Towards a first takeaway from borderlands science – phase 1

Towards a first takeaway from borderlands science – phase 1

Over the last few months, the Borderlands Science team has made some significant progress crunching the data collected from the puzzles solved by the players. The goal here is to convert puzzle solutions from the players, which are slight modifications of an initial computer-generated sequence alignment of bacterial genetic sequences, into information we can use to improve this alignment.

We extracted the solutions that were close enough to an optimal tradeoff of minimum number of yellow tokens vs highest score, by comparing the solutions to one another.

Then, we went through all of these solutions and we sliced them into “votes” for every single position of the initial alignment. In other words, for each nucleotide (aka a letter in the genetic code, or a title in one puzzle), we look at the contribution of every single player that submitted a valid solution for a puzzle in which this tile was included. And then, the players vote on which nucleotide should be found in this position.

There is still a lot of work to do since we have to assemble these individual votes into a full DNA sequence that makes sense. The goal is to obtain a consensus sequence, or a sequence that has been “democratically elected” by players as the most valid solution.

We have processed so far a total of 166 million individual votes of this type. To give you an idea of how this looks like, we sorted the ~10,000 individual sequences we had in the initial alignment we worked with, and plotted the number of votes they received (aka the number of individual puzzle solutions they were featured in.
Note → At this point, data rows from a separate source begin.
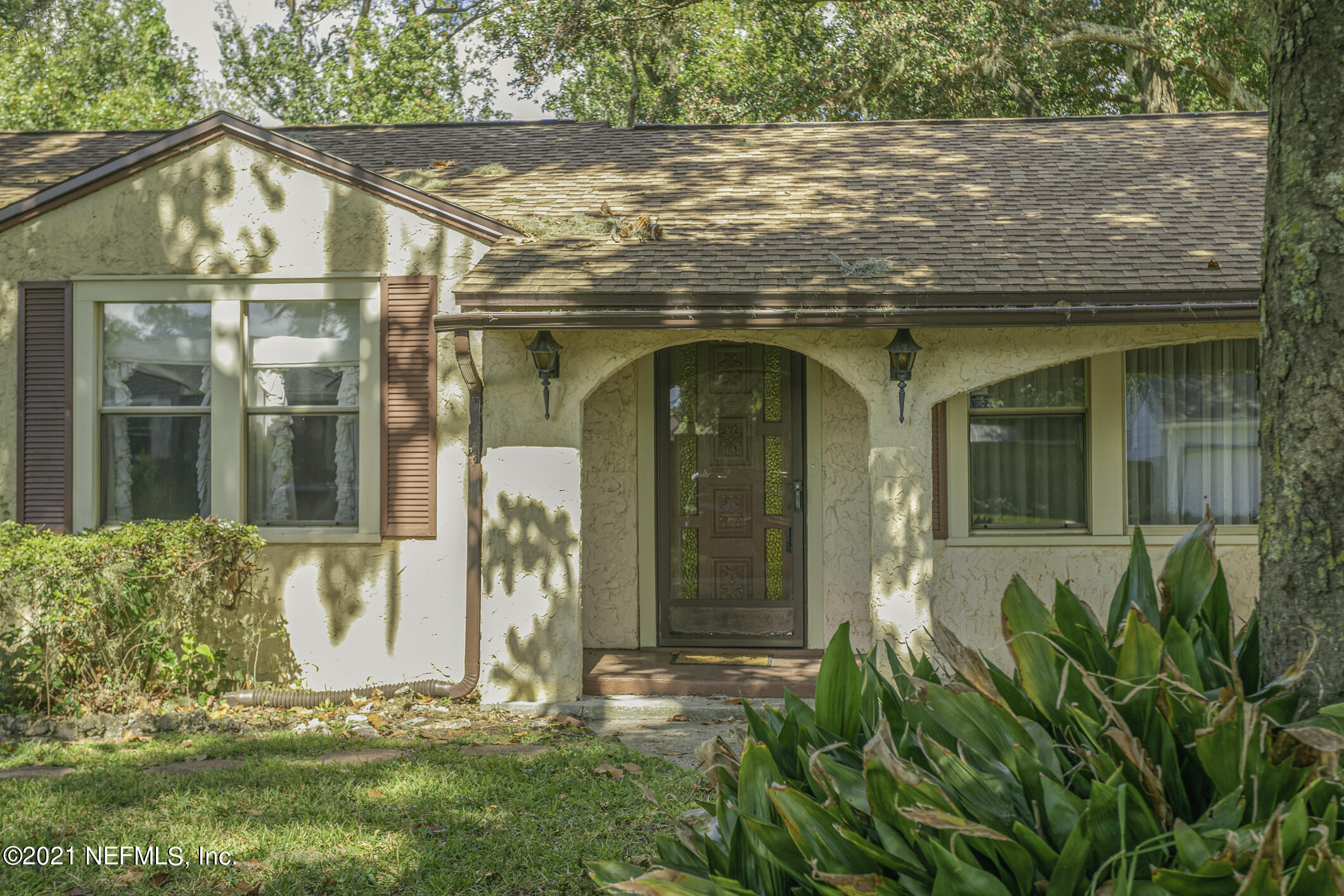 3719 Lilly Road North Jacksonville, FL 32207 - Photo 5 of 61 a front view of a house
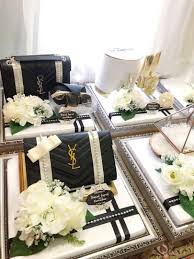 Idea gubahan hantaran simple, cantik & menarik. Dulang Hantaran Gubahan Hantaran Hobbies Toys Stationery Craft Occasions Party Supplies On Carousell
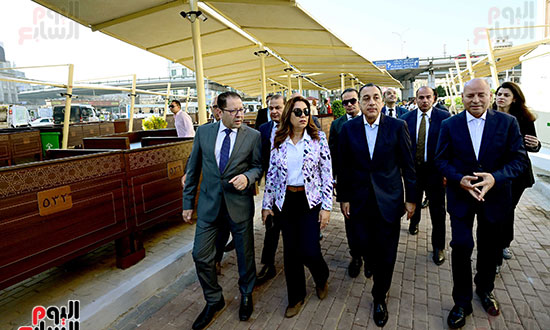 رئيس الوزراء يفتتح مشروع تطوير سوق العتبة بعد اكتمال الأعمال وإعادة التأهيل (17)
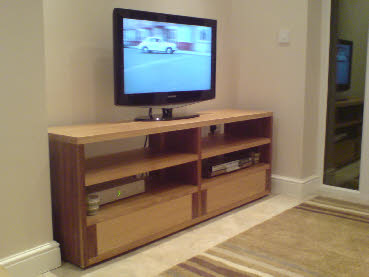 Modern in Oak/Black Walnut
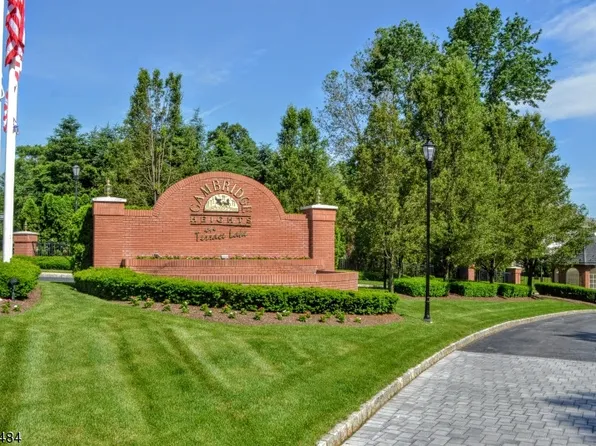 404 Cambridge Dr #404, Butler Boro, NJ 07405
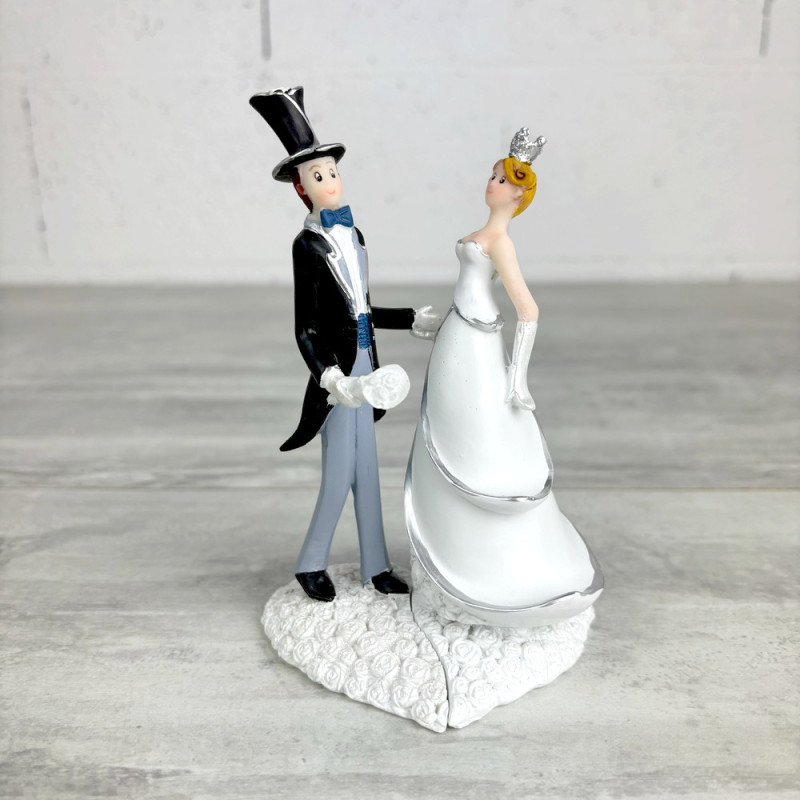 Couple de mariés en résine sur socle coeur, hauteur 13,5 cm, figurines pièce montée, gâteau de mariage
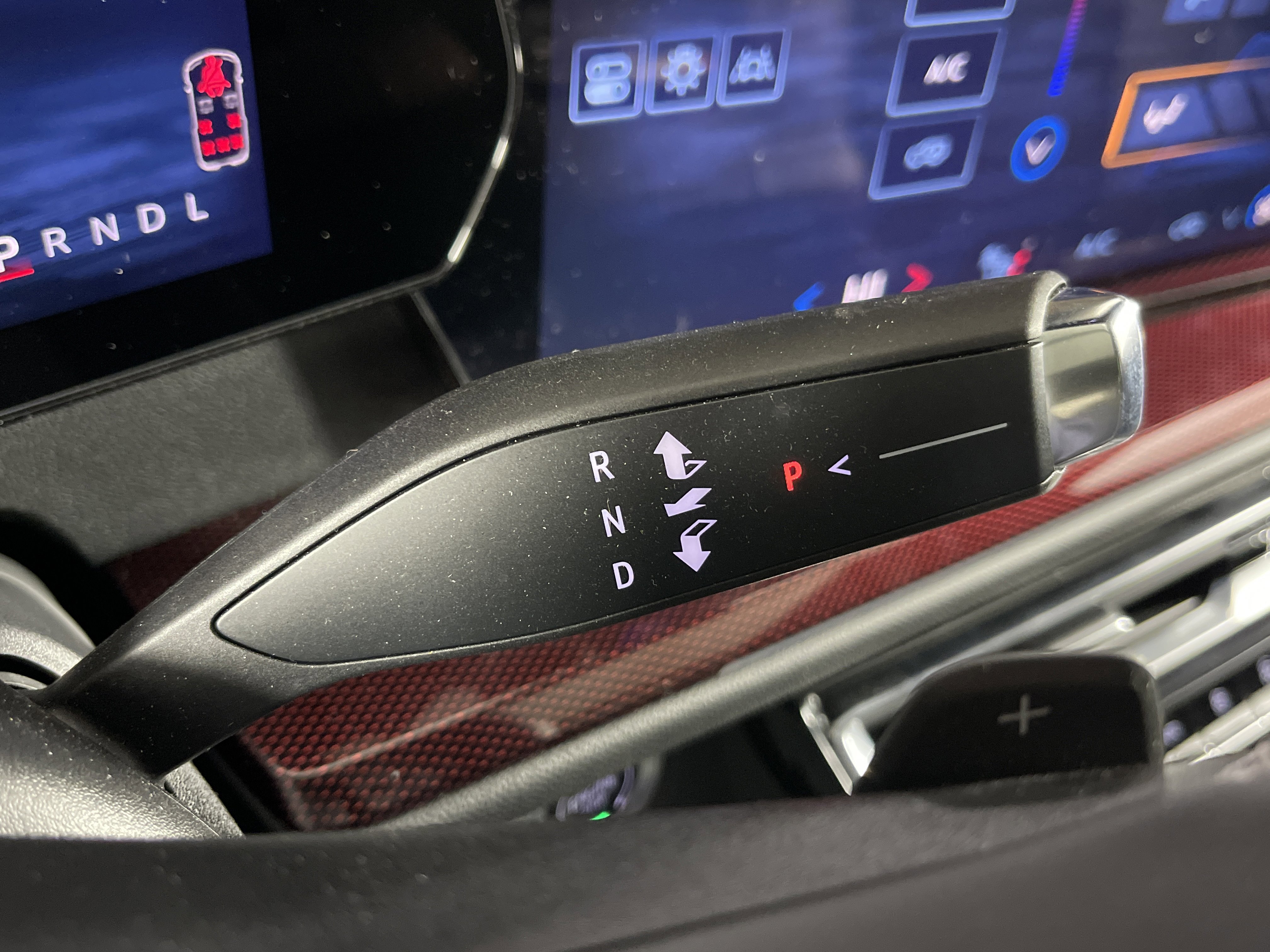 Used 2025 Chevrolet Traverse Z71 w/ Enhanced Driving Package image 27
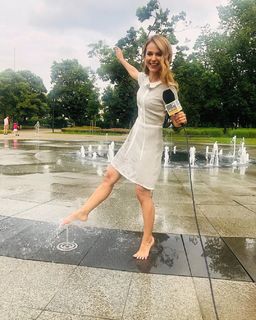 Paulina Sykut feet photo thumbnail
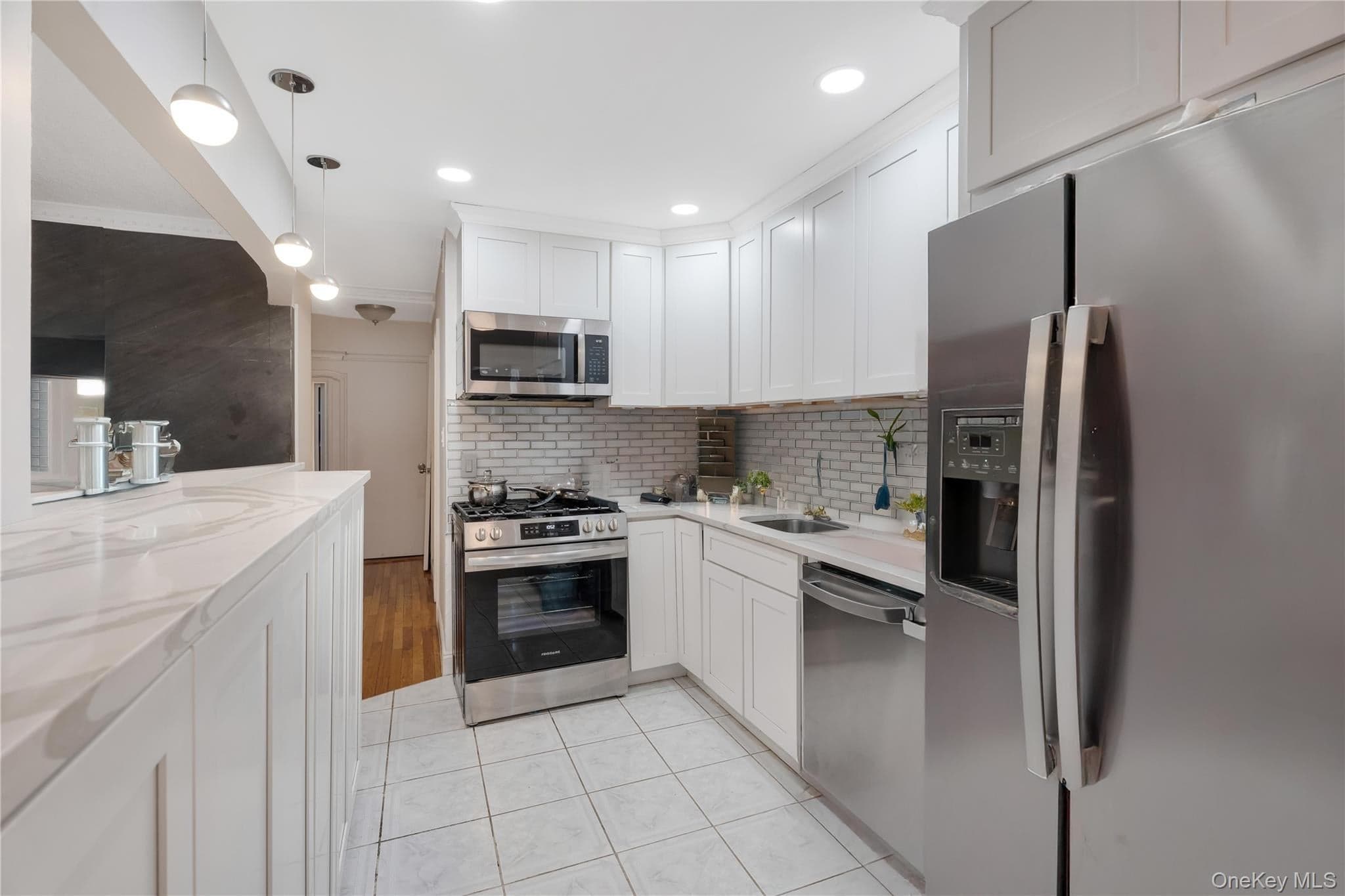 10009 Avenue L thumbnail 6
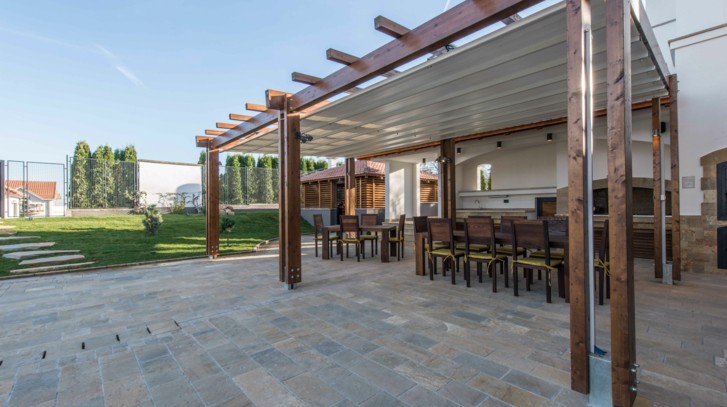 Jak zrobić pergolę? Sprawdź prosty poradnik!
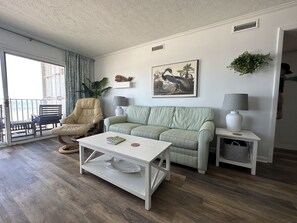 Smart TV, DVD player, books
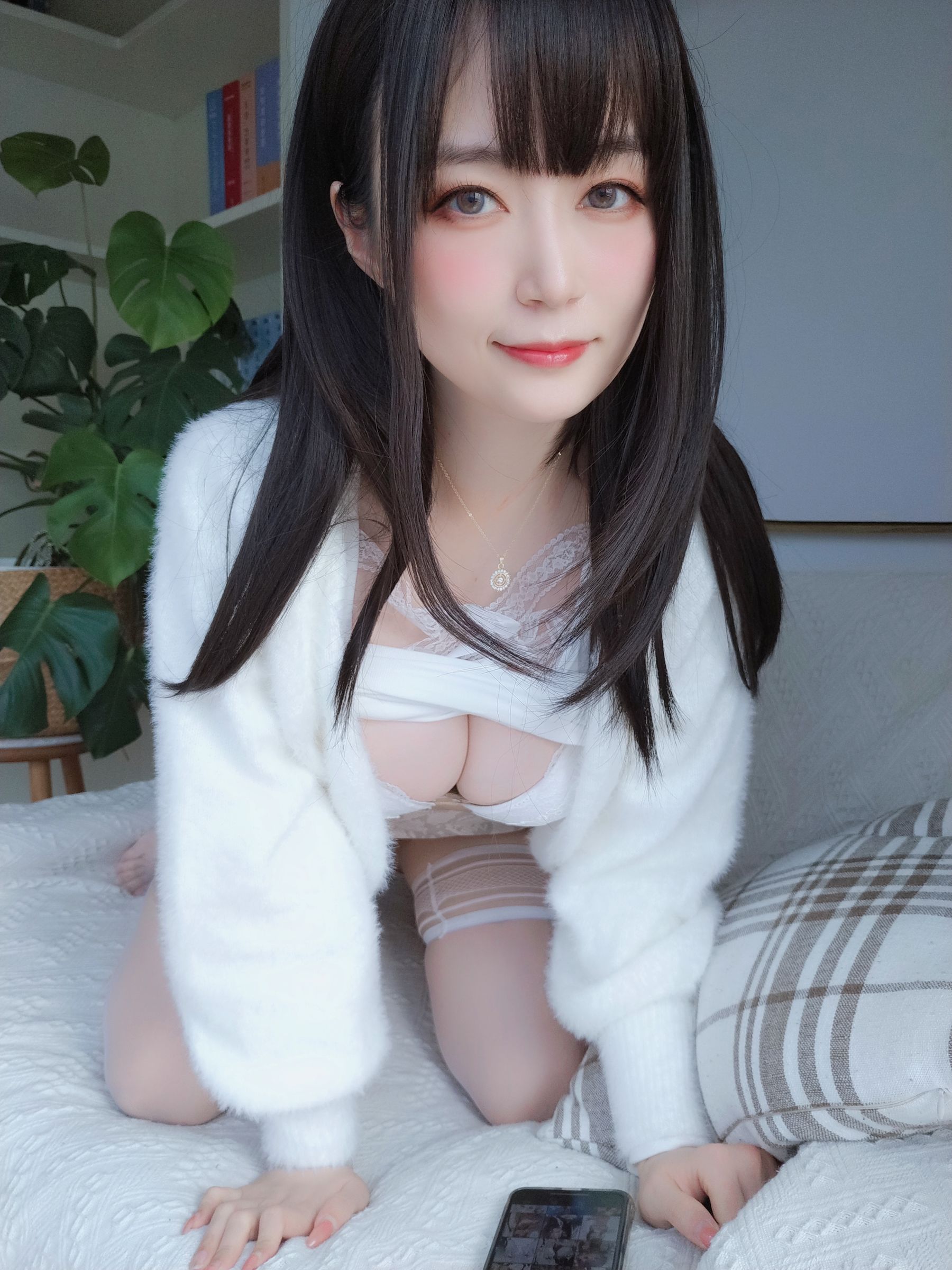 [COS福利] Coser小姐姐白银 - 白蕾丝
Note that it’s normal for all sequences to not be represented equally, as we aim for every puzzle to be different. This means that if two sequences are very similar over one region of the alignment, only one will be featured in puzzles, and we will use the results of that one to re-align the other one.

We will delve deeper into this in the future, but we have different categories of puzzles. Each category encodes a different “way” of converting a region of the original alignment into a puzzle. First, there is the “orientation” of the puzzle. In other words, the puzzles from the red category in the following plot are “upside down” in the game. In other words, some puzzles are taken from right to left (r ->l ) in the initial data, and some are taken from left to right (l -> r), and they are then rotated in the game to produce a gravity effect which the player is asked to offset using these yellow tokens The other difference is what we refer to as offset, which is a measure of how much “work” we expect the player to do to realign the sequences. A puzzle with offset=2 will see the player being offered more yellow tokens because the initial position will be further from a perfect alignment to the guides than in an average puzzle with offset=0.

In the following plot, the x axis is the column of the initial alignment (the initial sequences have a length of ~175 in that alignment), and the y axis is the number of annotations in millions, for each position for each category.

As you can see, we have reached a decent coverage of each column of the alignment, with a variety of different categories. Note that some regions are more represented than others because they seemed to generate more “interesting” puzzles for the players (which pushed us to formulate the hypothesis that the problem of realignment was richer in those regions). Also note that for each categories, we have assembled or are assembling thousands of puzzles of the  “upside down” version of the same category to help us account for eventual biases in the player solutions.